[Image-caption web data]
══════

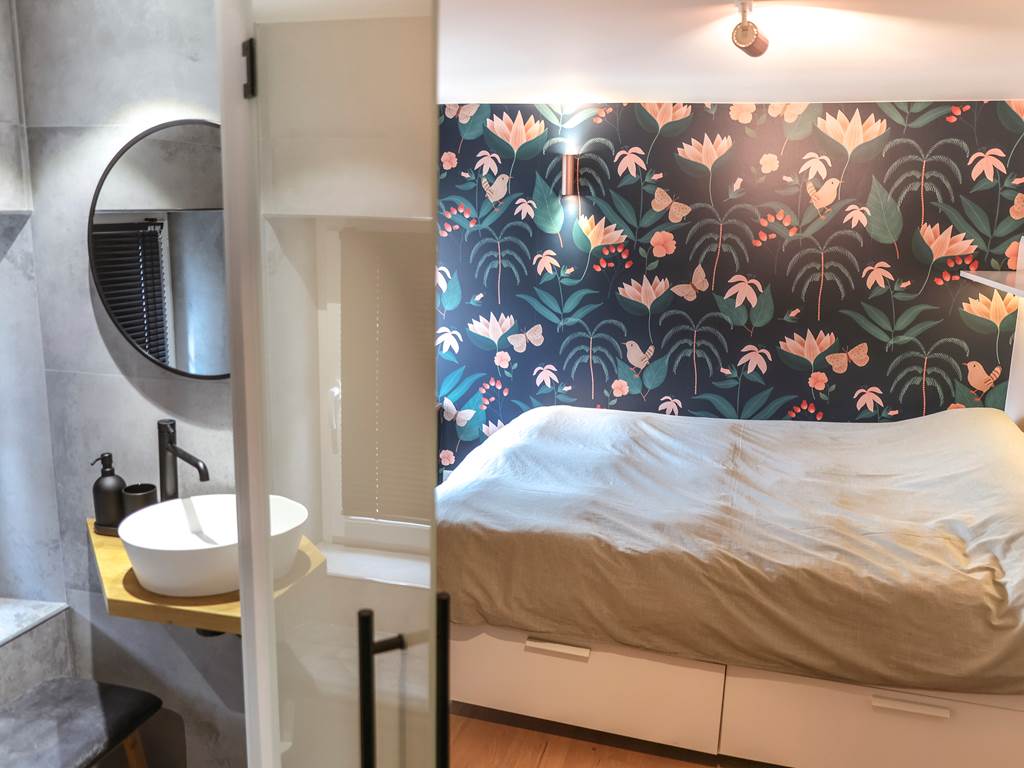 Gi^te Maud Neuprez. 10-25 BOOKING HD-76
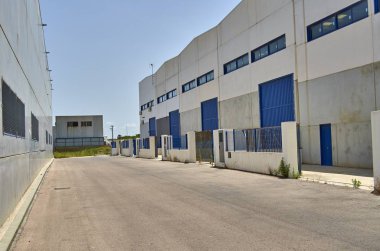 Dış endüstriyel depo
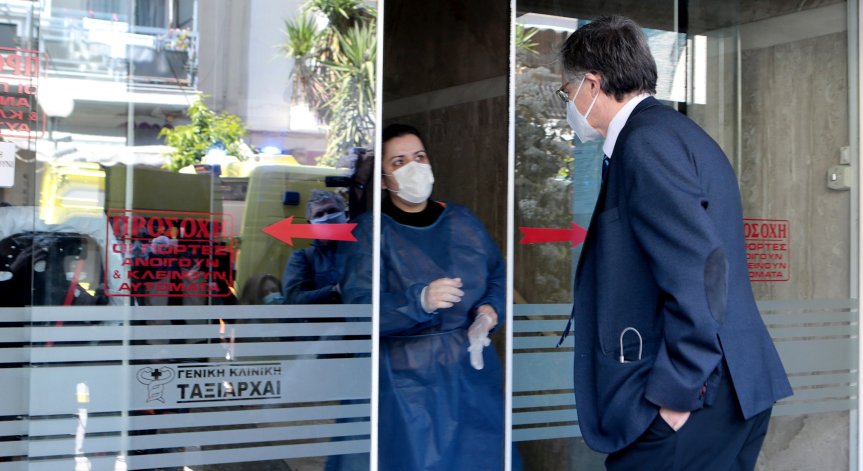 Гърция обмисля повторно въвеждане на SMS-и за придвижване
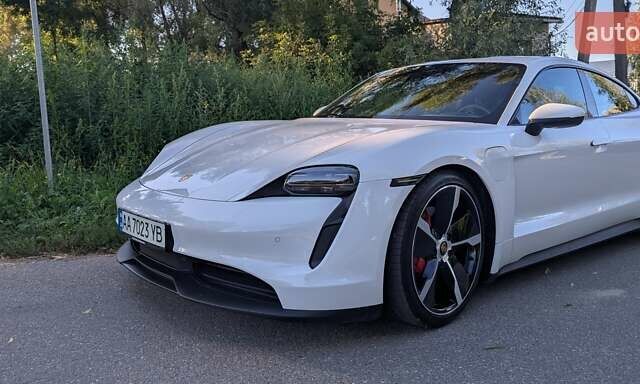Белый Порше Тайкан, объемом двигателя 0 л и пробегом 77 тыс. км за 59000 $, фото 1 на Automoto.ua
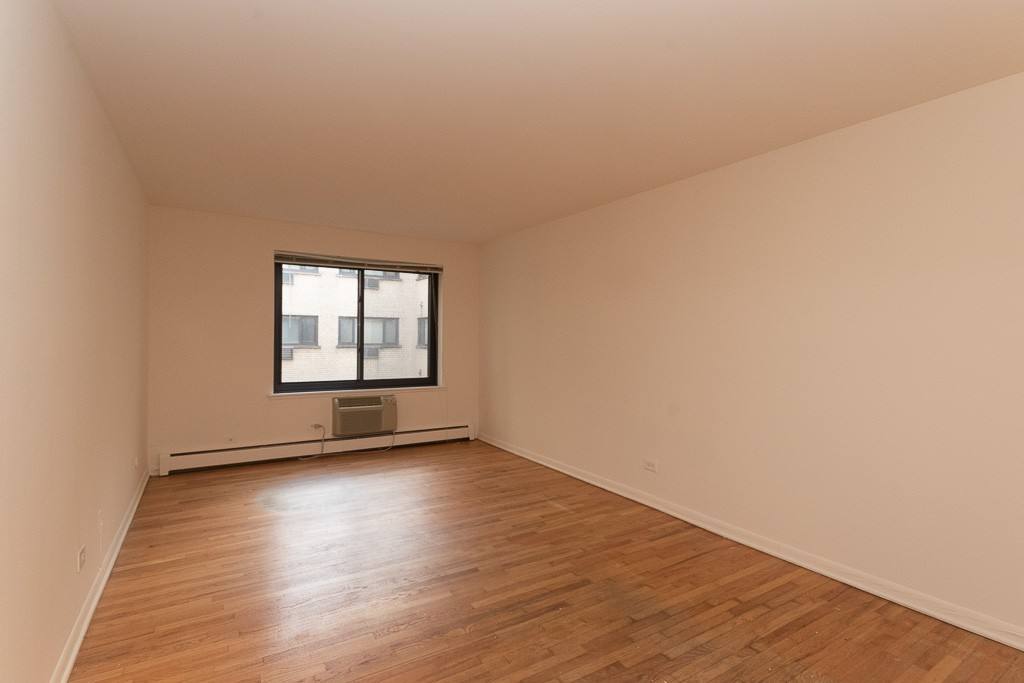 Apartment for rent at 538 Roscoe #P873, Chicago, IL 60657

══════

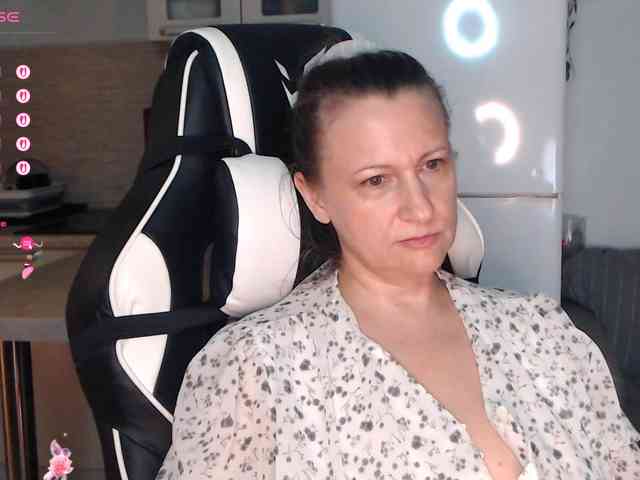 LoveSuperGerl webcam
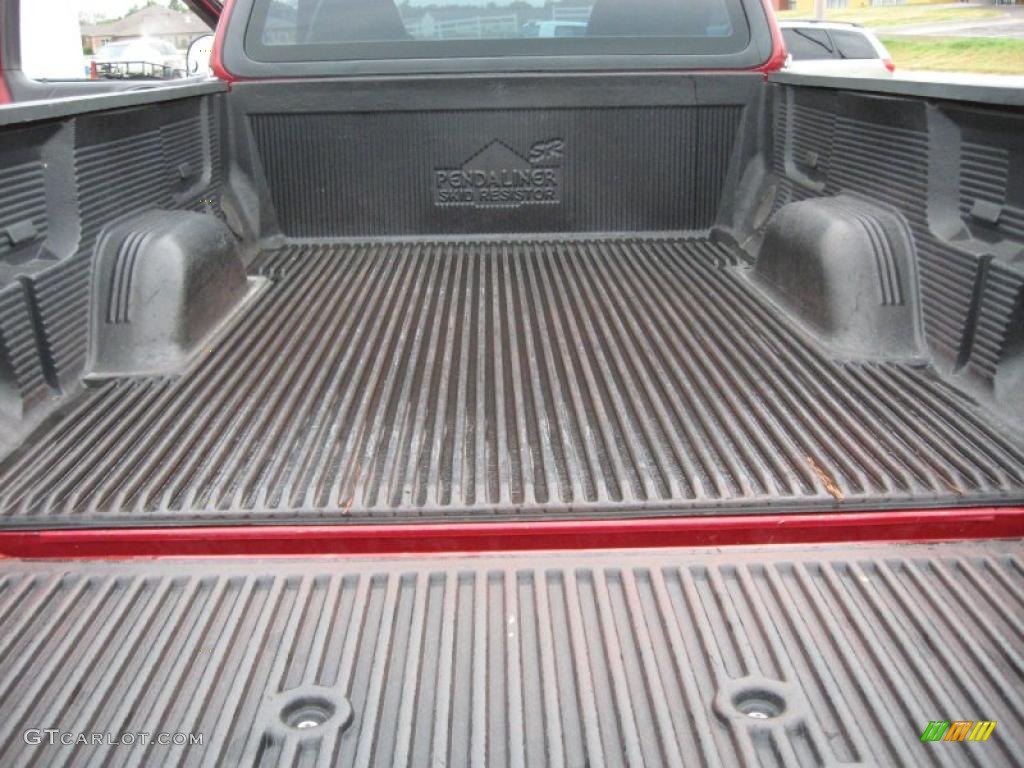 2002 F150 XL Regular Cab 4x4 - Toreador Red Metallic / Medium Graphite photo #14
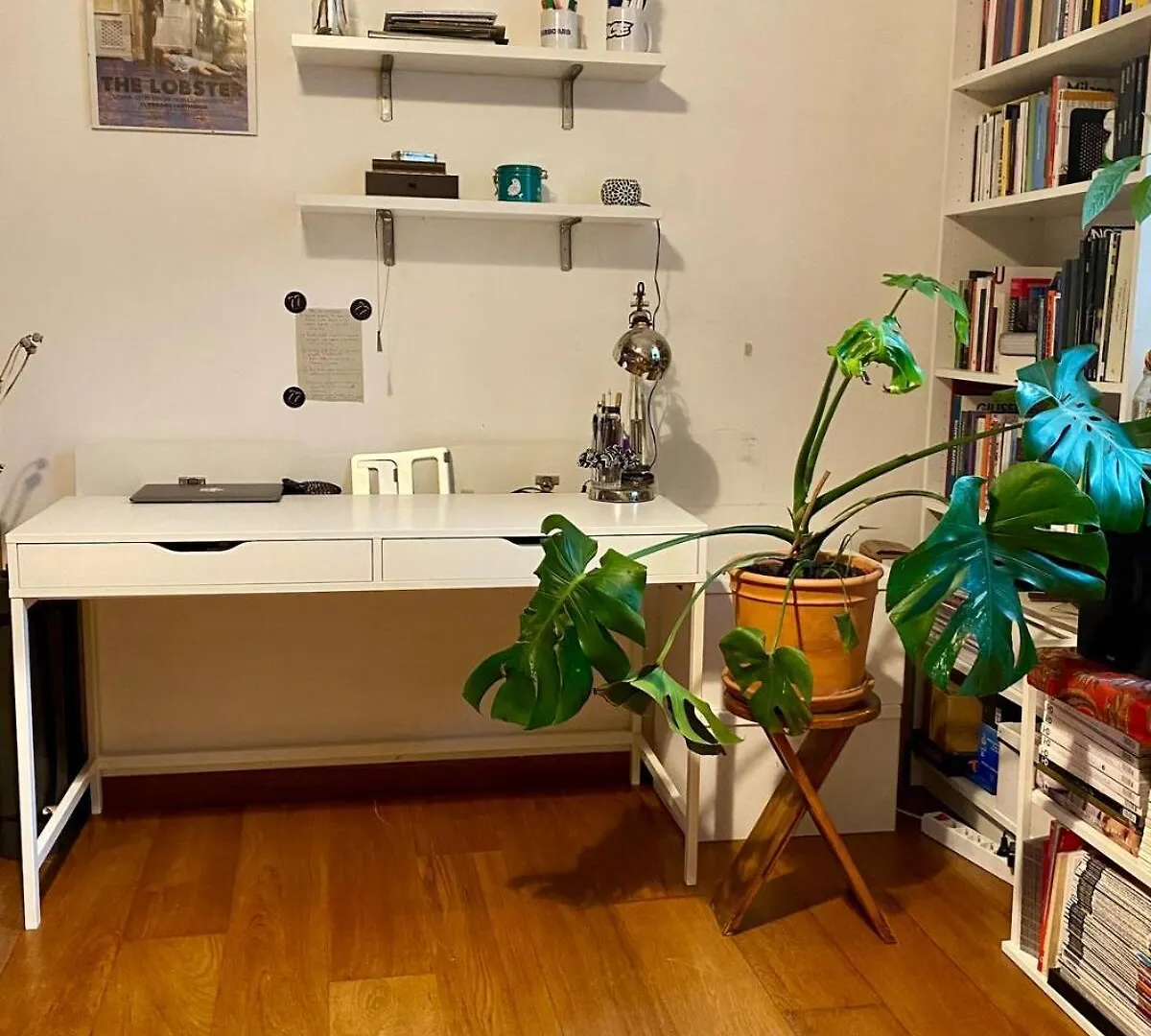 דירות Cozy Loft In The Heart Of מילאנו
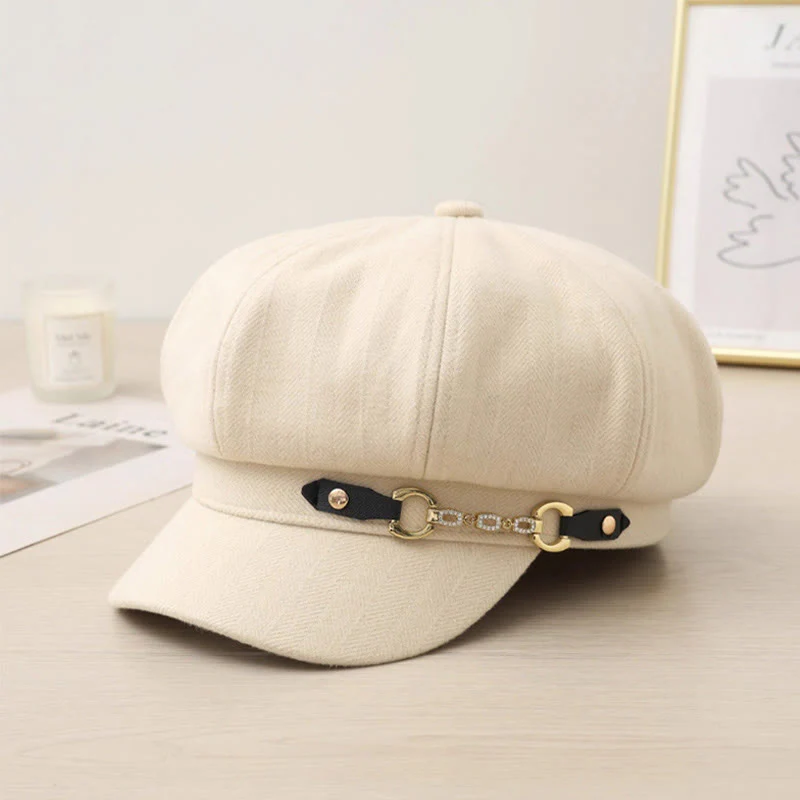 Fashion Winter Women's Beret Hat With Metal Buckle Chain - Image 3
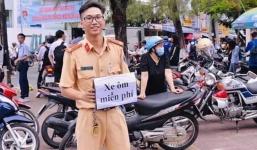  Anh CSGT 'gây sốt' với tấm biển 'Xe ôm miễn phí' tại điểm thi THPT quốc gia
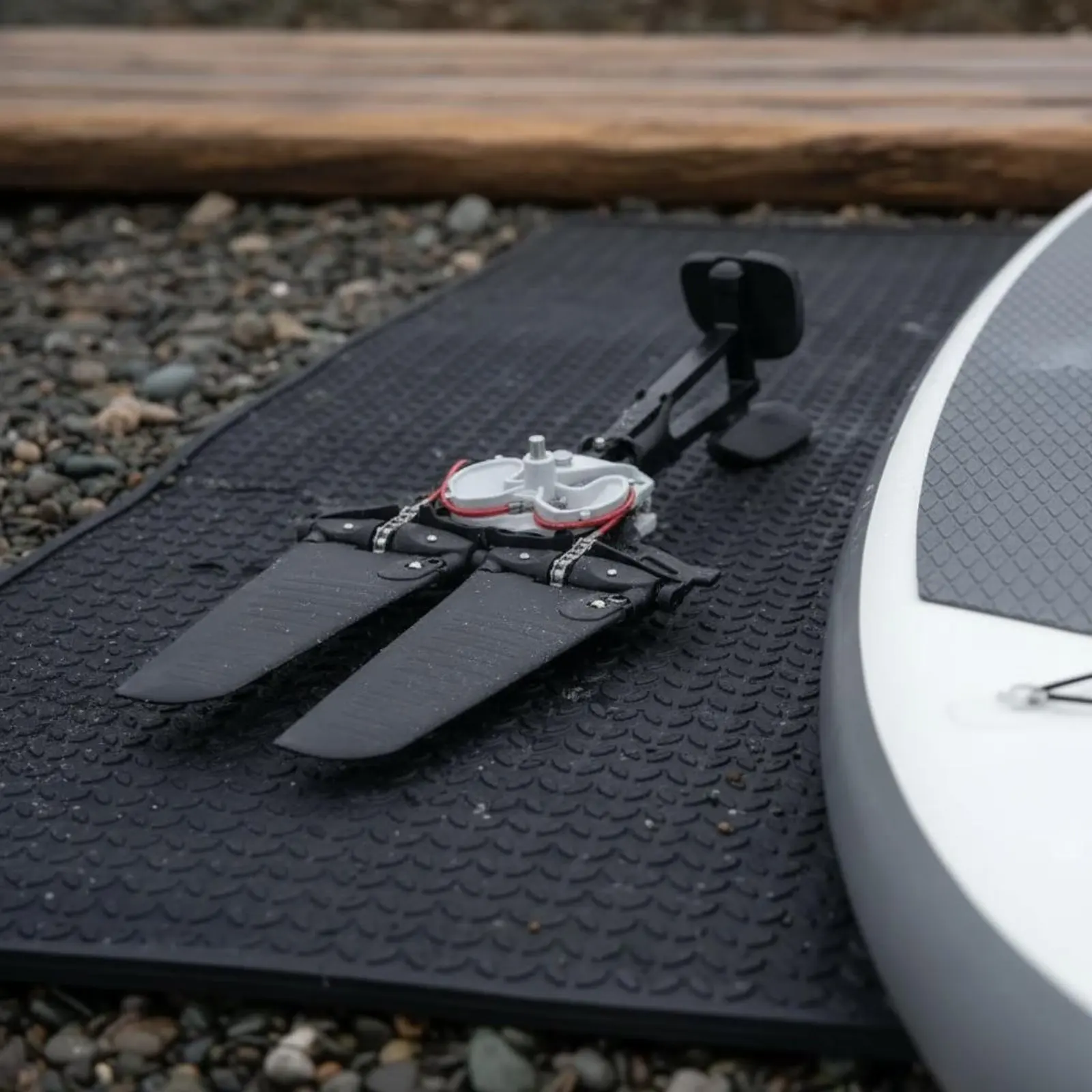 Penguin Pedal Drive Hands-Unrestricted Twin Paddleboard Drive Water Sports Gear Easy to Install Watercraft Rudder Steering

══════

• [How to complete this task]:
In the entries above, find the line containing "Fashion Winter Women's" and the line containing "Penguin Pedal Drive"; give again exactly those two lines and every line between them, minus the pictures.

• [Your solution]:
 Fashion Winter Women's Beret Hat With Metal Buckle Chain - Image 3
  Anh CSGT 'gây sốt' với tấm biển 'Xe ôm miễn phí' tại điểm thi THPT quốc gia
 Penguin Pedal Drive Hands-Unrestricted Twin Paddleboard Drive Water Sports Gear Easy to Install Watercraft Rudder Steering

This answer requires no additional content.